Apoptotic death of K562 cells exposed to 1 and 4a

The K562 cells were plated on six-well plates (5 × 104 cells in 3 ml of culture medium). To ensure the damage of all cells in culture, each compound was tested at ∼2 × IC50 concentration determined in the cytotoxicity tests (see above). The concentrations of 1 and 4a are indicated in the legend to Figure 6. Cells were incubated for 24–48 h at 37 °C, 5% CO2. The control wells contained no drug. After the completion of drug exposure, cells were washed with cold saline, harvested and divided into two portions. One aliquot of cells was stained with Annexin-V–fluorescein isothiocyanate as recommended by the manufacturer (Molecular Probes, Eugene, OR, USA). The second portion was lysed in the solution containing 0.1% sodium citrate, 0.3% NP-40, 50 μg ml−1 RNAse A and 10 μg ml−1 propidium iodide, and analyzed by flow cytometry on a FACSCanto II (Becton Dickinson, Franklin Lakes, NJ, USA) on FL2. The percentage of hypodiploid nuclei (a sub-G1 peak on histograms of cell cycle distribution) was calculated using the FACSDiva software (Becton Dickinson).

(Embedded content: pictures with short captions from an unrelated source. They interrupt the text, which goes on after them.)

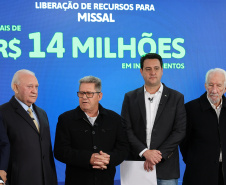 LIBERAÇÃO RECURSOS MUNICIPIOS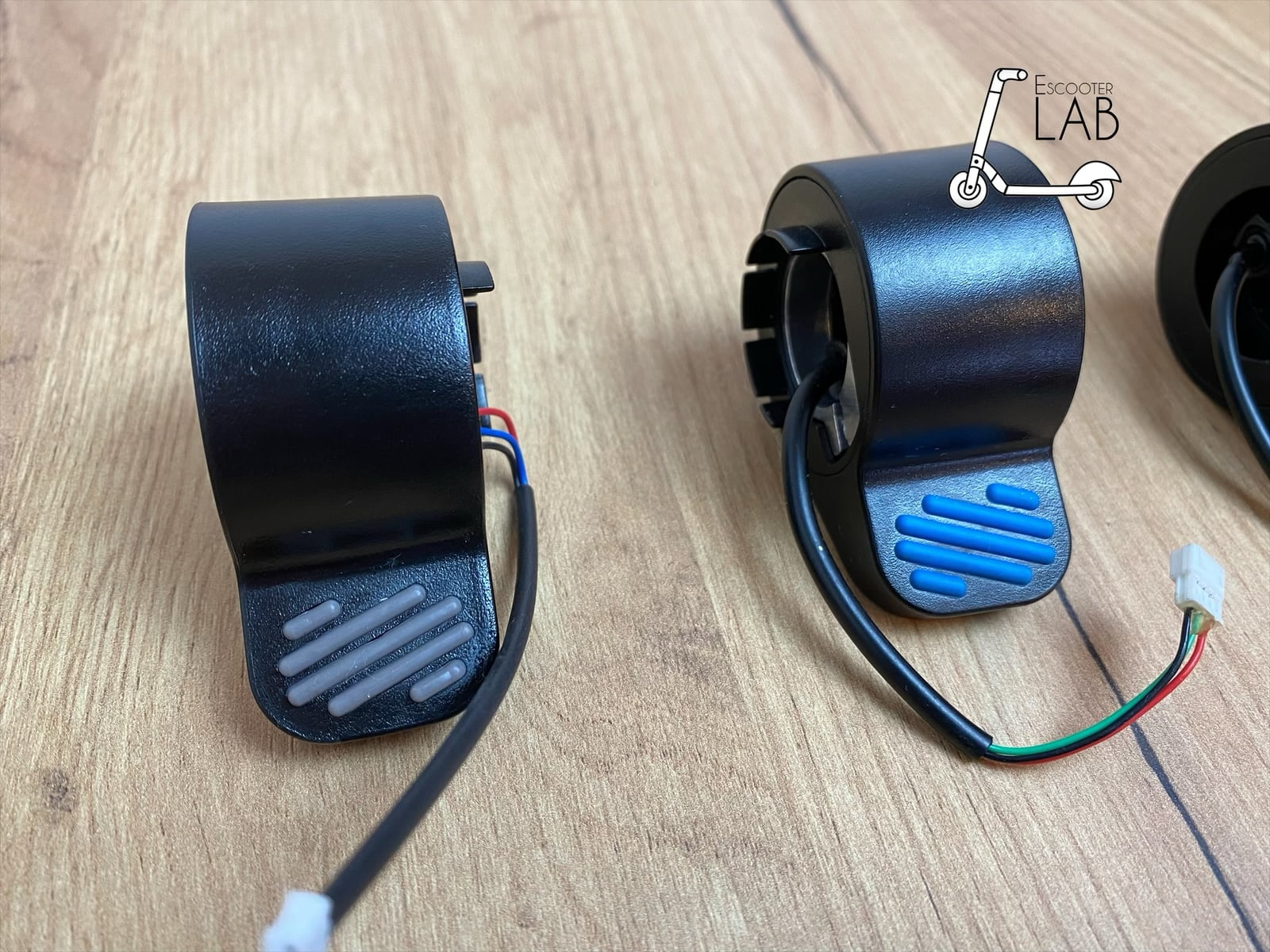 Ручка газа/тормоза, курок для Ninebot ES1:ES2:ES3:ES4 eScooterLAB
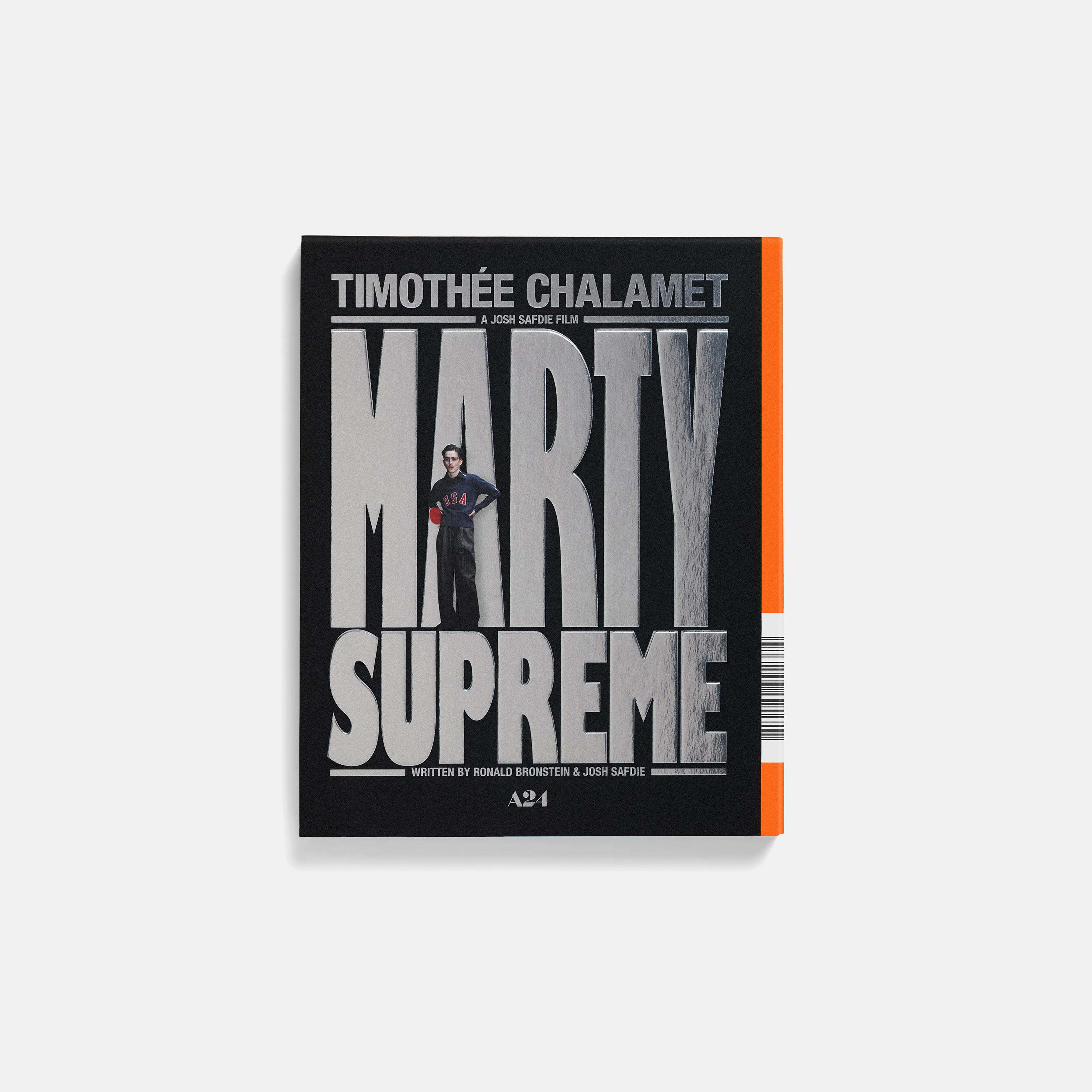 Marty Supreme Blu-ray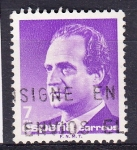 Stamps Spain -  E2796 Juan Carlos (490)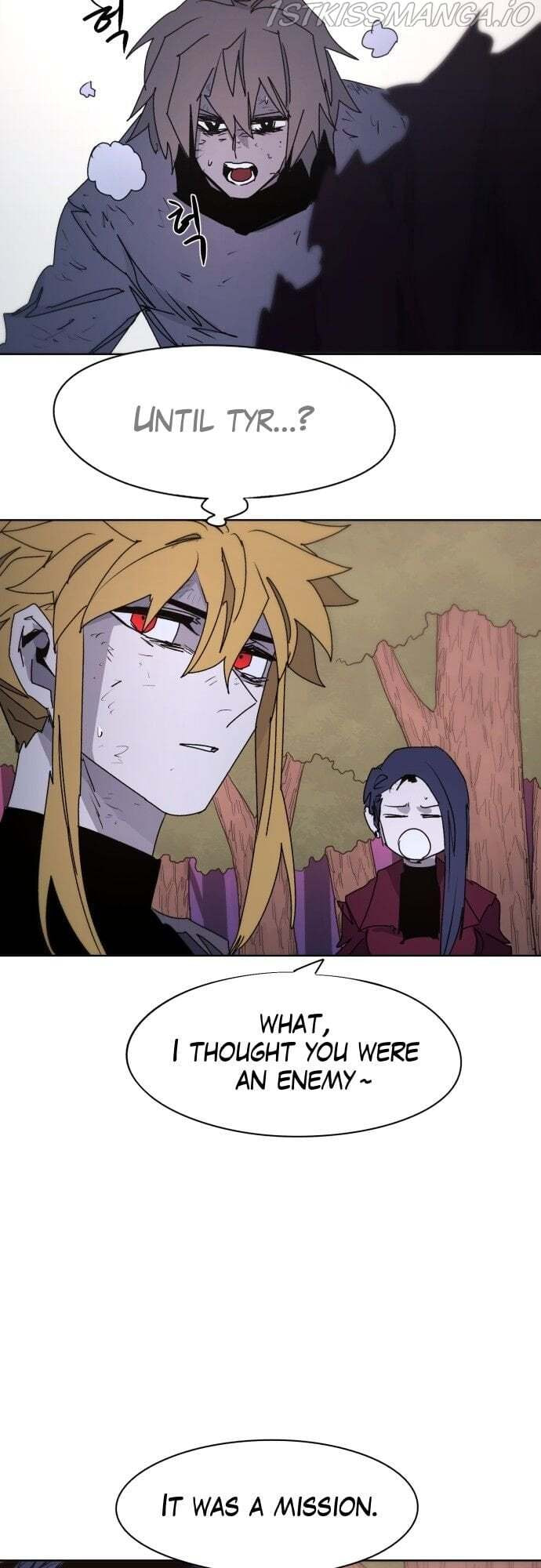 The Ember Knight chapter 57, page 26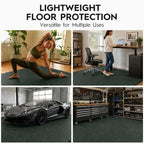 18 Pcs EVA Foam Floor Tiles, Puzzle Exercise Mat Set - Image 7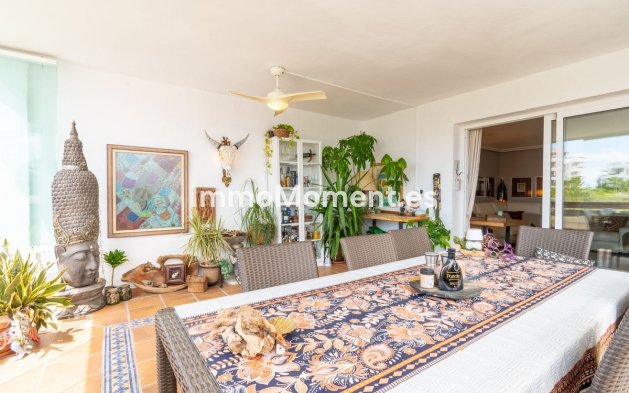 Revente - Appartement - Estepona  - Estepona Centro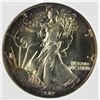 Image 1 : 1987 AMERICAN SILVER EAGLE
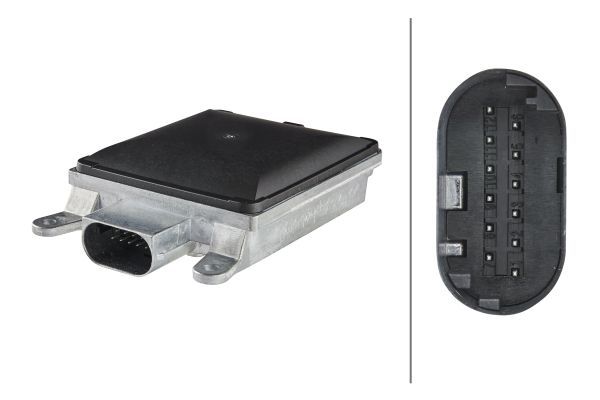 Joslu maiņas palīgsistēmas vadības bloks - 6PZ 010 287-321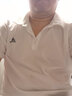阿迪達(dá)斯 （adidas）POLO衫男 25夏季新款運(yùn)動(dòng)服休閑衣服翻領(lǐng)短袖冰絲速干透氣t恤男 白色/三扣Polo領(lǐng)/速干/主推 3XL 190 曬單實(shí)拍圖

Modulation of F0F1 ATP synthase activity

The F0F1 ATP synthase-containing proteoliposomes were isolated from Streptomyces fradiae cells as described by us.11 Briefly, 5 mg of total proteoliposomal protein was incubated with 2 mM [γ-32P]AТP (10 imp min−1 pmol−1; Phosphor, Moscow, Russia) in the buffer (50 mM Тris-HCl, pH 7.5; 1 mM MgCl2, 10 mM CaCl2, 50 mM NaCl, 1 mM 2-mercaptoethanol, 0.1 mM phenylmethylsulfonyl fluoride, 10% glycerol). Compounds 1 and 4a were added to the reaction mixture 10 min before the addition of ‘hot’ AТP. The mixture was then incubated for 10 min at 37 °C, followed by the addition of 1 ml of 5% trichloroacetic acid, 5 mM ‘cold’ AТP and 2.5 mM Na3PO4. The acid-insoluble material was pelleted, then 0.5 ml of 5% trichloroacetic acid and 150 mg ml−1 of the activated carbon Norit A (Pharmacia Biotech, Uppsala, Sweden) were added to the supernatant for 60 min at 4 °C, followed by centrifugation. Radioactivity of the supernatant was counted by Cherenkov. A statistically significant inhibition of F0F1 ATP-synthase activity was detectable at 50 nM of 1; a IC50 was ∼200 nM.